"This will be experimental at first...No one has figured out a great way to do this," Kapor said during an early panel called "Schedules and Calendars."
Microsoft's chief technical officer, Ray Ozzie, said he spends most of his day managing and juggling things. The home calendar, he said, is a "convenient place to communicate with my wife" and maintain a work schedule, which he prints out before the beginning of each day. "I jot notes down on that paper about meetings during the day," he said, having to write them down again later.
Microsoft, Bjordahl said in a later interview, has made a "significant investment" in its calendar program for the next release of Outlook, which is version 12 and is scheduled for late 2006. Since Outlook's first release in the late 1990s, its calendar component has largely been neglected in favor of improvements to e-mail, he said. But the coming version, which is available in beta release, will include a "cleaner, frictionless" user interface design and improved support for the industry de facto standard Internet Calendar Protocol, with bolstered sharing capabilities.
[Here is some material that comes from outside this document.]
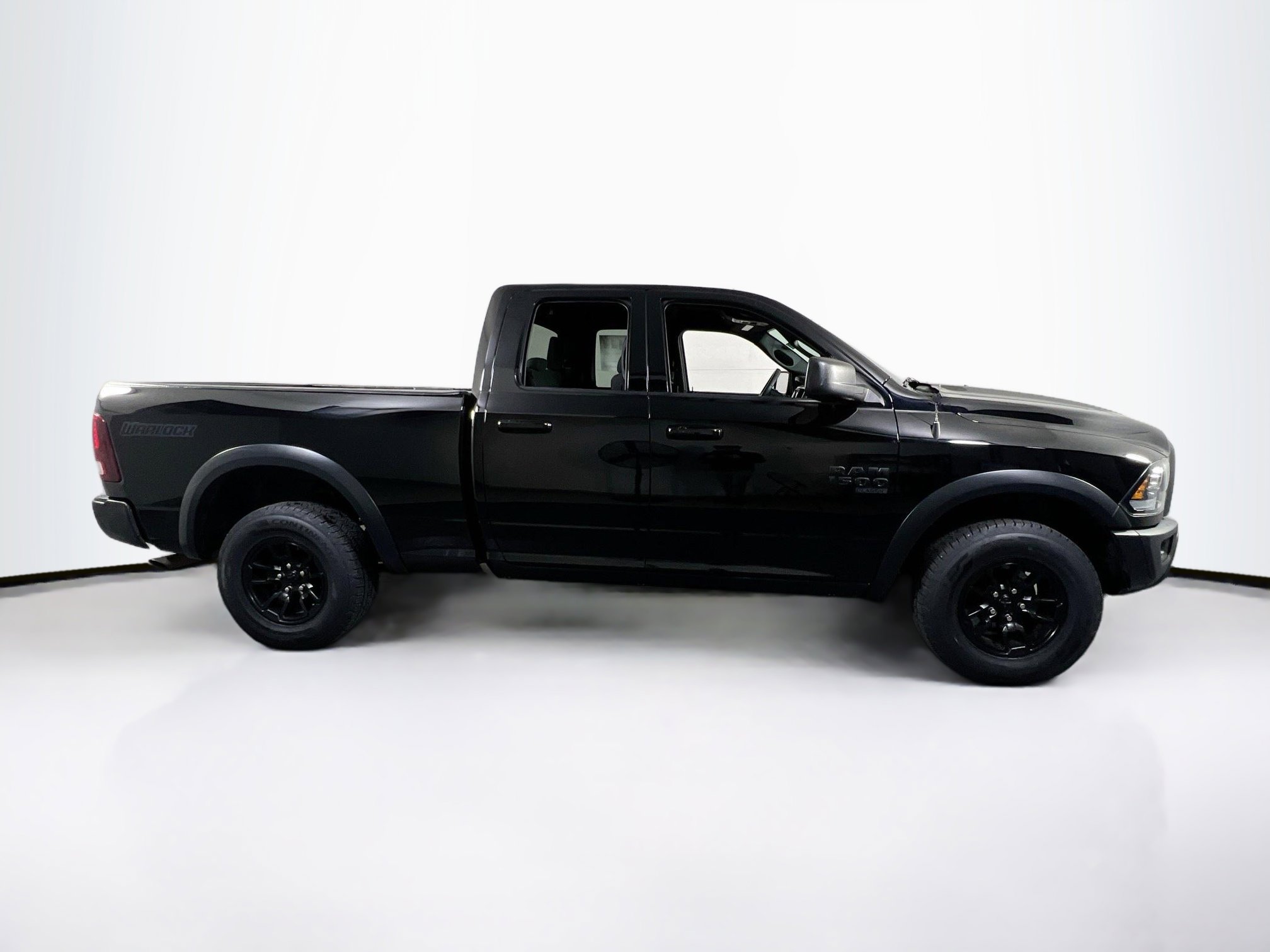 Used 2022 RAM 1500 Classic Warlock w/ Technology Package I image 4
While major companies like Microsoft are making improvements, several upstarts are trying to capture the opportunity. Here's a look at some players.
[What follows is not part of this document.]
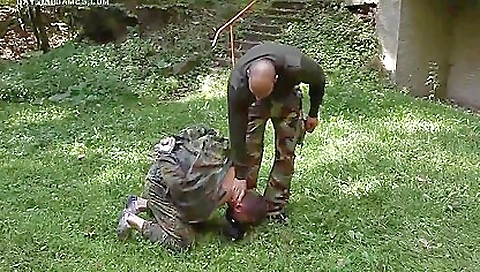 She's arad unbeknownst cross at the house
- Renkoo. One of the hot names at the conference, the 9-month-old Silicon Valley company hasn't launched its product yet, but it showcased a Web site that CEO Adam Rifkin said it plans to launch early next year. Renkoo is a quasi-lightweight version of Evite, the event site, but rather than specialising in large groups or set events, the site will let people schedule and plan events with a small group of friends, e.g., a dinner out, an afternoon movie or a beer after work with friends. Visitors can create a small profile, query friends about a proposed gathering and negotiate the details with them over the Web, e-mail or a mobile phone via SMS (short message service). The company plans to make money by advertising.
- Zvents. California-based Zvents, which launched in October, is capitalising on the absence of a powerful event search engine on the Internet. (It even demonstrated its search engine to Google executives attending the conference.)
The upstart lets people search for thousands of events by location, time and theme. People can view the results in the form of a map, a list or a calendar; and then save events to a personal calendar or export it by RSS (really simple syndication). Then visitors can view the monthly or daily events of their social contacts, or by social filter. That way, a user could presumably meet up with a friend or family member easily. Finally, the site is designed to make it easy for people to embed a social or specific event calendar (like that of a baseball team) into a blog. The free service collects fees from event organisers or local advertisers.
- Trumba. A Seattle-based software upstart, Trumba showed off its event-publishing tools at the event, as well as trumpeting a partnership with newspaper company Knight Ridder. The company develops and sells tools to publishers like Knight Ridder and Tribune Company (a pilot tester), and those tools let the sites aggregate and display information on local events. Visitors can add new events, save and export events to a personal calendar, share a scheduled calendar with friends and e-mail events to friends.
Still, some attendees were uncertain of the market opportunity.
"I'm surprised that there's so many people here doing the same thing, but it makes me wonder whether it is such a pain-point as everyone says," said one attendee. "Outlook works pretty well for me, and families work well with paper (calendars)."